On January 24, 2020, the trial court conducted a hearing and resentenced defendant. In connection with the resentencing, the State agreed to dismiss counts fifteen and forty-six, which were the two charges of second-degree conspiracy to commit "robbery and/or kidnapping." Accordingly, defendant was resentenced on seventeen convictions.

In imposing the new sentences, the trial court reviewed and analyzed defendant's multiple convictions in relationship to the more limited convictions and pleas of defendant's codefendants. In that analysis, the trial court addressed and rebutted defendant's argument that his sentences were disproportionately high compared to the codefendants' sentences.

The trial court also re-evaluated all the aggravating and mitigating factors. The court found aggravating factors three, the likelihood of reoffending, N.J.S.A. 2C:44-1(a)(3); six, defendant had a criminal record, N.J.S.A. 2C:44- 1(a)(6); and nine, the need for deterrence, N.J.S.A. 2C:44-1(a)(9). The court detailed the facts supporting each of those findings.
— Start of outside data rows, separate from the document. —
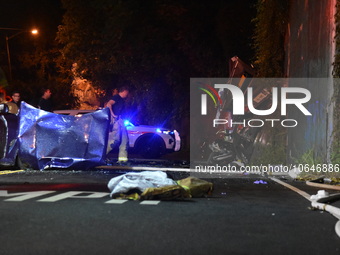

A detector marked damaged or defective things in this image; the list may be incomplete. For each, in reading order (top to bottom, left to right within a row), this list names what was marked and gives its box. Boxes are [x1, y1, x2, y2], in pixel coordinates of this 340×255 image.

wrecked vehicle [0, 101, 109, 169]
crumpled car wreck [0, 101, 109, 169]
wrecked vehicle [53, 109, 181, 157] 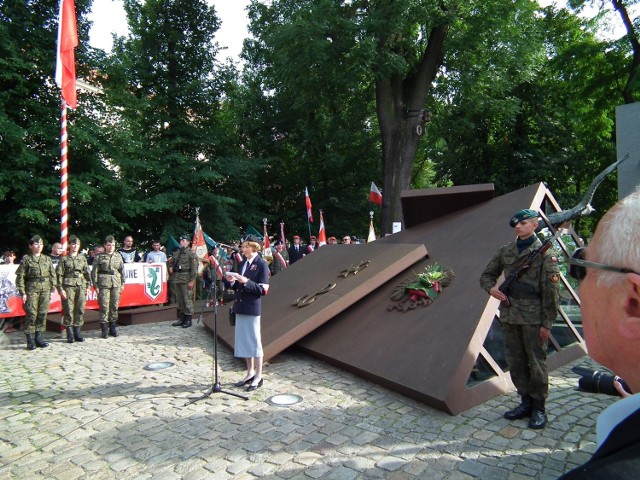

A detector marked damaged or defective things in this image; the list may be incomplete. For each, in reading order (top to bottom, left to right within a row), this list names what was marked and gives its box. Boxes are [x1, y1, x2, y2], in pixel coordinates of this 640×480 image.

rusty metal slab [202, 244, 428, 360] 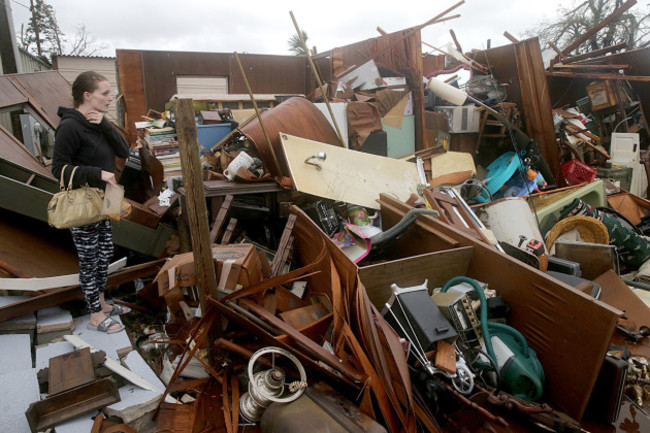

The court also assessed each of the potential mitigating factors and explained why it found no mitigating factors.

The trial court then reviewed defendant's convictions related to the three criminal episodes that occurred on February 28, 2011, March 3, 2011, and March 29, 2011. The court detailed these incidents, explaining that the February 28, 2011 incident involved a home invasion; the kidnapping of three victims, two of whom were teenage girls; and a robbery. The court found that the victims were independently traumatized and that it was, therefore, appropriate to run the sentences for the convictions of two of the three kidnappings and the robbery consecutively. Evaluating the convictions related to the crimes from the March 3, 2011 and the March 29, 2011 incidents and applying the Yarbough factors to them, the court found that those incidents were separate and independent and consequently the sentences from those episodes should run consecutively.

The trial court then conducted a separate and detailed Yarbough analysis of the sentences related to each of the convictions within the three incidents. The trial court reassessed the four specific sentences identified by the Supreme Court and, in three sentences, imposed a concurrent sentence and reduced the sentence on the fourth conviction. Accordingly, the sentences for the convictions on counts three, eight, and forty-five, which had been consecutive at the first sentence, were reconsidered and were run concurrent at the resentencing. The sentence on count seven was reduced from eight years with four years of parole ineligibility to six years with forty-two months of parole ineligibility. In addition, the court changed the sentence on count five from consecutive to concurrent.

The trial court also considered the overall fairness of the sentence. The trial court found that given that defendant had been convicted of five first-degree crimes arising out of three separate criminal episodes, the overall sentence was seventy years with almost fifty-eight years of parole ineligibility. The trial court reasoned that the lengthy sentence was consistent with Yarbough's charge that there are no free crimes and the mandatory nature of parole ineligibility imposed under the No Early Release Act (NERA), N.J.S.A. 2C:43-7.2.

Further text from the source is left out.